| Material provided |

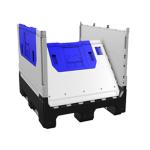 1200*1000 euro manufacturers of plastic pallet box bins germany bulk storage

--

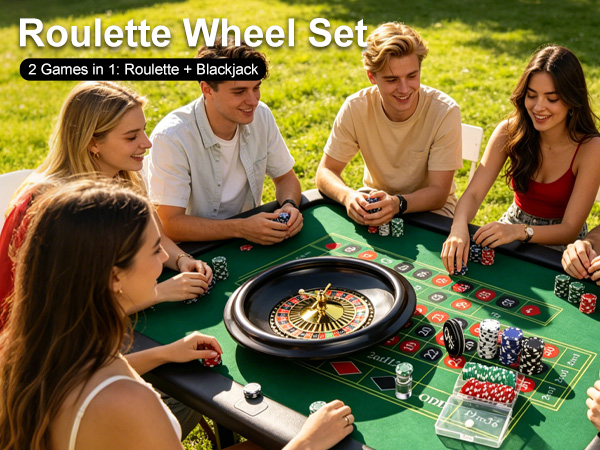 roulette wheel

==

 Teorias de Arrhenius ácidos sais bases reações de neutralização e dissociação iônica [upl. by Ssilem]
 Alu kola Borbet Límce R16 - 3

| Your assignment |
All lines above from the one with "Teorias de Arrhenius" to the one with "Alu kola Borbet Límce R16 - 3", inclusive, should be copied exactly, and no other lines.

| Task solution |
 Teorias de Arrhenius ácidos sais bases reações de neutralização e dissociação iônica [upl. by Ssilem]
 Alu kola Borbet Límce R16 - 3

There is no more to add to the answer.